The issue of “how much tissue is enough” for various ancillary testing often comes up, especially in the realm of cancer diagnostics. The amount of tissue a pathologist needs to make a diagnosis varies, but quite a bit more tissue is necessary for molecular testing. As we continue to move into the era of targeted therapeutics (that is, medicines that are active against tumors which express certain genes or proteins, but not active against tumors which don’t express those genes or proteins), pathologists find ourselves asking our clinical colleagues for more and more tissue.
In general, core needle biopsies are superior to fine needle aspirations for the purpose of obtaining sufficient tissue for molecular studies (Am J Clin Pathol. 2015 Feb;143(2):193-200), and larger bore FNA needles are also superior to smaller FNA needles (J Bronchology Interv Pulmonol. 2018 Dec 14.), although much depends on the skill of the proceduralist. Adequacy assessment at the time of biopsy by a trained cytotechnologist or pathologist improves yield (Archives of Pathology & Laboratory Medicine 2016 140:11,1191-1199) by giving the proceduralist the opportunity to collect more tumor immediately.
However, even when enough tissue has been obtained initially, sometimes making the diagnosis of cancer requires the use of some of that tissue.
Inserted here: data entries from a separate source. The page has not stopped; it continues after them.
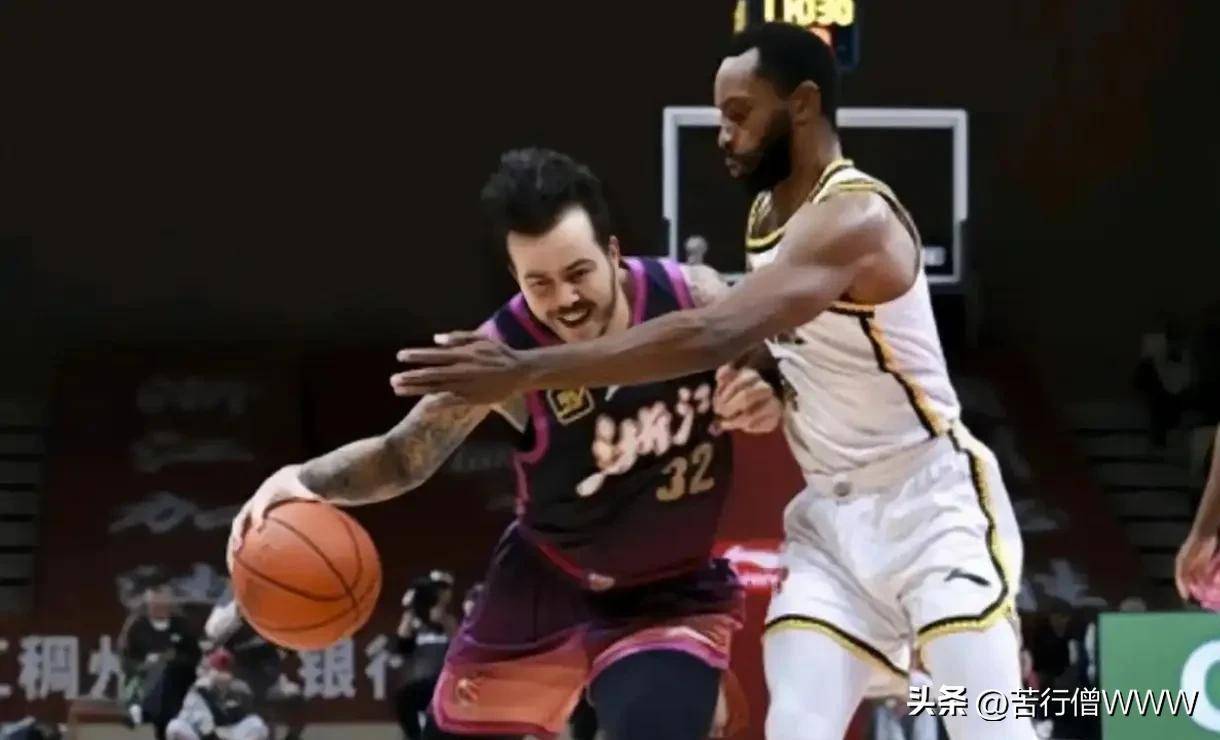 辽宁男篮CBA击败浙江广厦赵继伟三分得手的简单介绍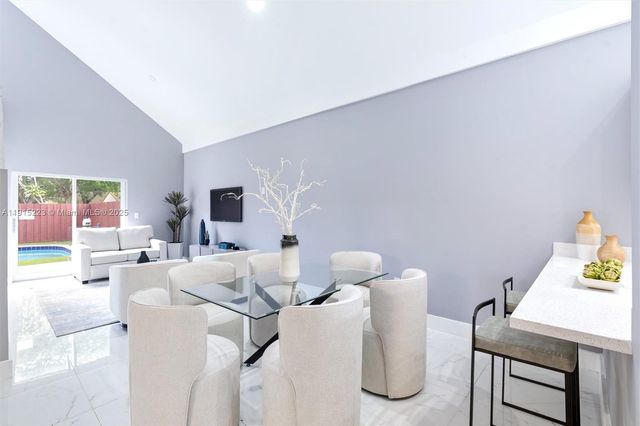 6884 NW 30th Ave, Fort Lauderdale, FL 33309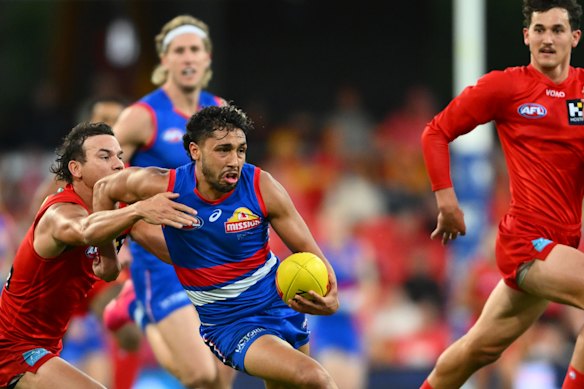 Arthur Jones shows some dash for the Bulldogs.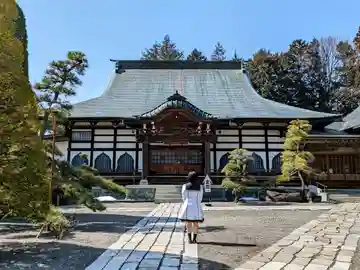嶺頭院の本殿・本堂
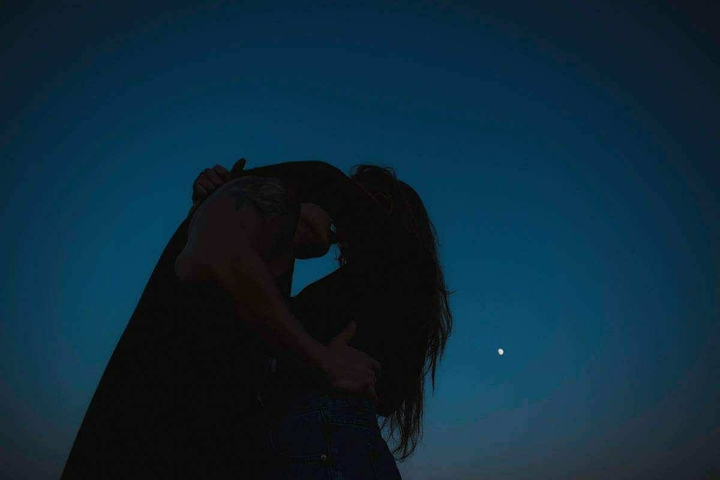 too the moon..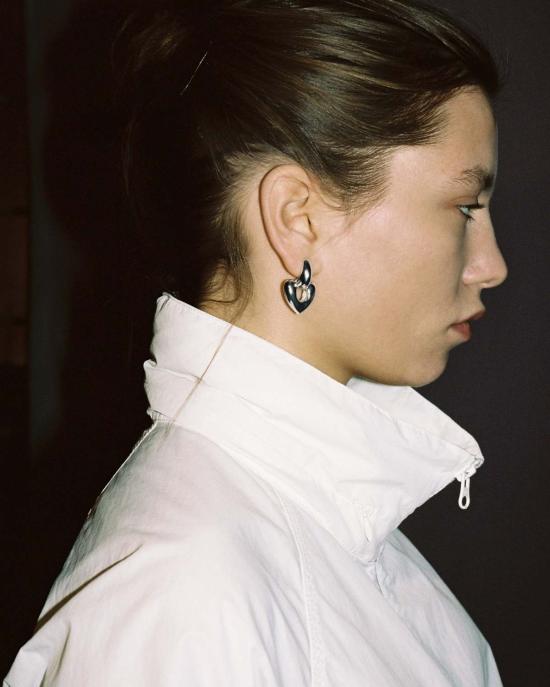  아니카 이네즈 이어링 대형 하트 드롭 - ANNIKA INEZ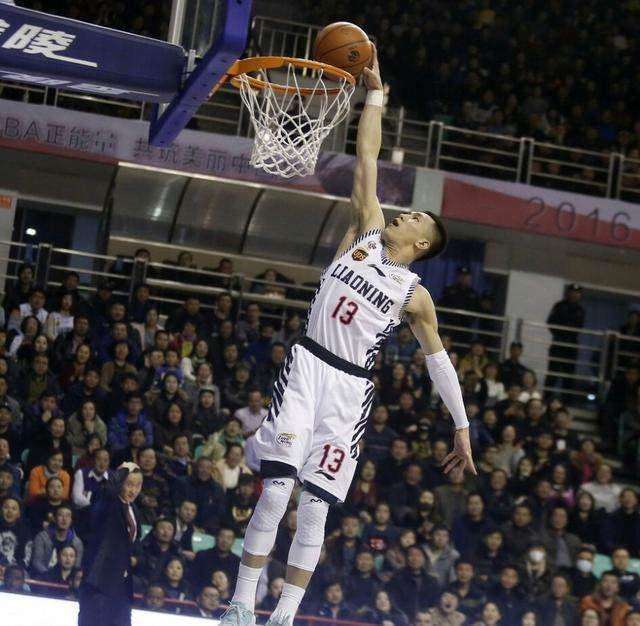 原创郭艾伦连续3次扣篮失败网友都急了让张镇麟上去示范一下吧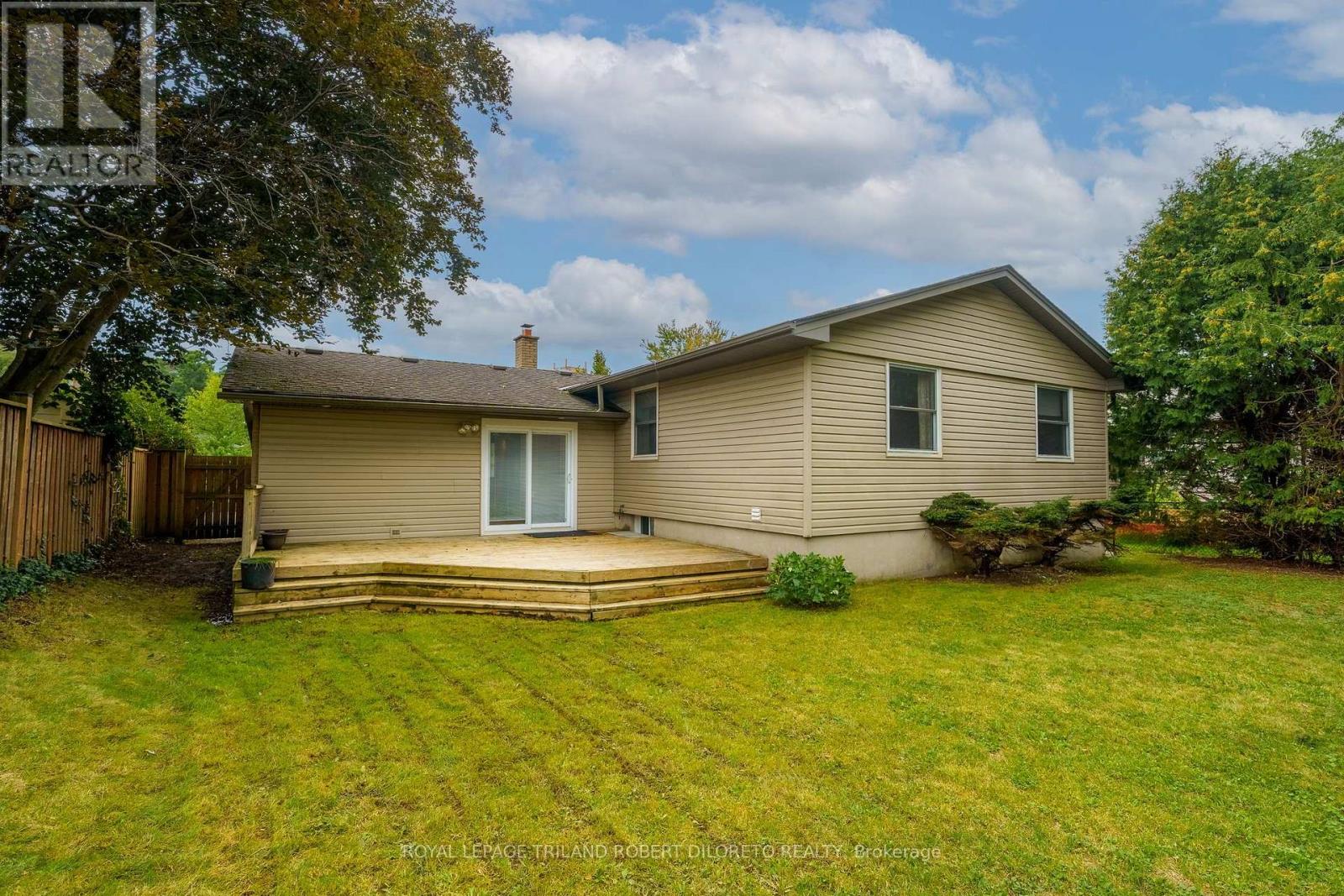 654 Grenfell Drive, London North, Ontario  N5X 2N2 - Photo 6 - X13752574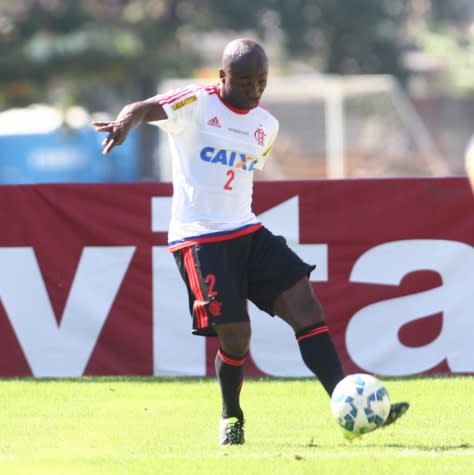 Oswaldo ainda pensa em dar chance no ano para Armero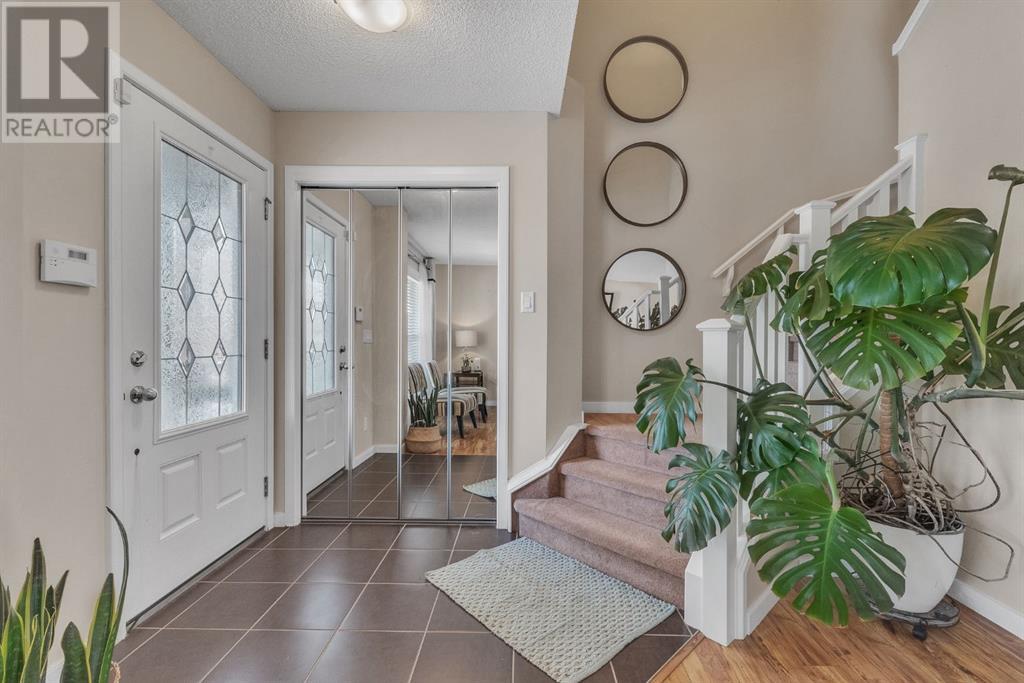 Single Family House for Sale in  New Brighton Drive SE New Brighton Calgary 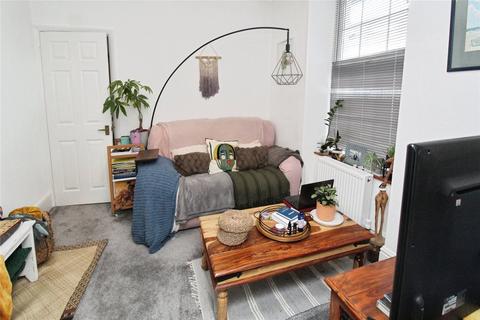 1 bedroom flat to rent, Seymour Road, Devon TQ12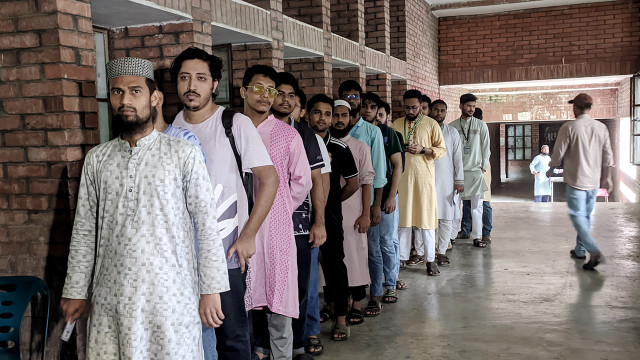 জাকসু নির্বাচনে ভোটগ্রহণ চলছে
If the diagnostic workup is extensive, little tissue may be left over for molecular studies.
How much tissue is “enough”? Well, for IHC or FISH studies (like PDL-1 or ALK, respectively), as little as a square millimeter of tissue is usually necessary. However, for PCR-based molecular tests, tumor must be dissected out of paraffin blocks, requiring much more tissue – technically, at least 5 ng of tumor DNA or 1000 cells (Arch Pathol Lab Med. 2016;140(11):1191–1199). However, the tumor needs to be as free of normal tissue as possible to ensure that only the cancer is tested (testing normal tissue will potentially result in false-negatives). In addition, various other factors can interfere with the analysis (like necrosis). Combined with the necessity of having enough tissue for diagnostic purposes, these factors have led some to recommend up to four separate cores and 2 cm of tissue.